• _What is being asked_: Images are not part of the copy; transcribe all the data exactly.

• _Provided data_:
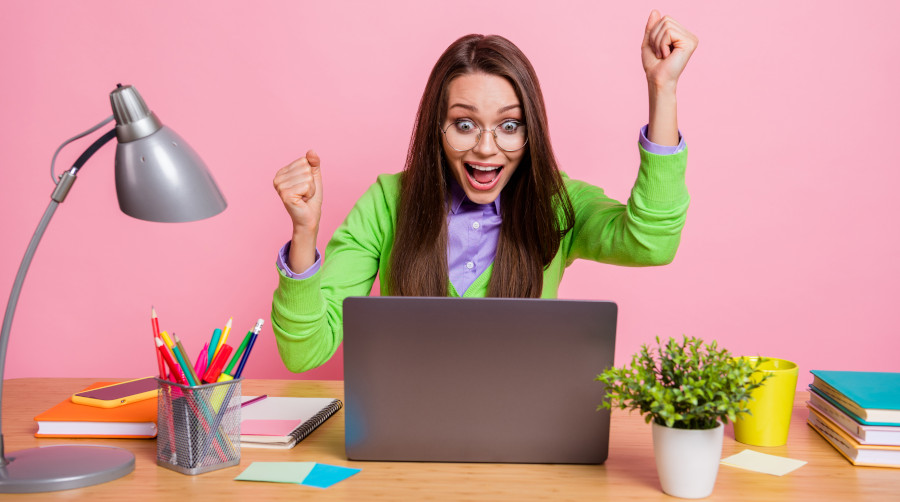 photo-excited-girl-sit-table-laptop-win-raise-fists-scream-wear-green-shirt-isolated-pastel-color-background-w900px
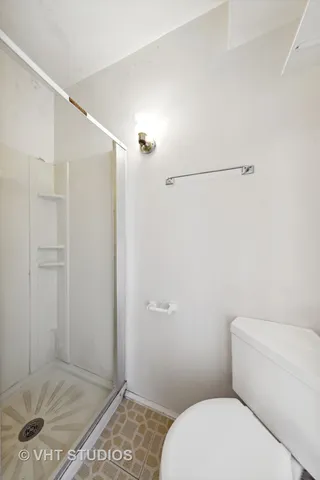 a bathroom with a toilet and a shower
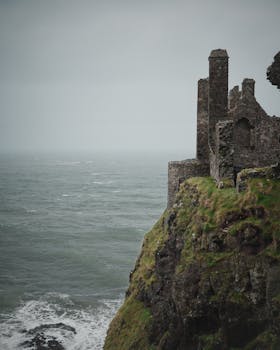 Moody view of Dunluce Castle perched on rugged cliffs above the sea in Northern Ireland.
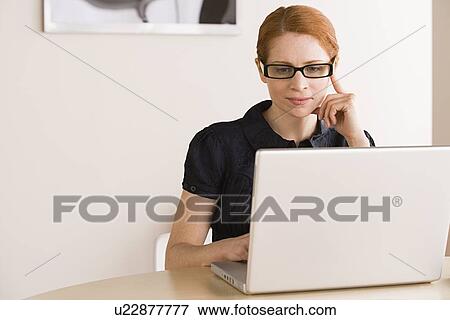 Businesswoman using laptop View Large Photo Image Stock Photo - Businesswoman using laptop. Fotosearch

• _Answer area_:
 photo-excited-girl-sit-table-laptop-win-raise-fists-scream-wear-green-shirt-isolated-pastel-color-background-w900px
 a bathroom with a toilet and a shower
 Moody view of Dunluce Castle perched on rugged cliffs above the sea in Northern Ireland.
 Businesswoman using laptop View Large Photo Image Stock Photo - Businesswoman using laptop. Fotosearch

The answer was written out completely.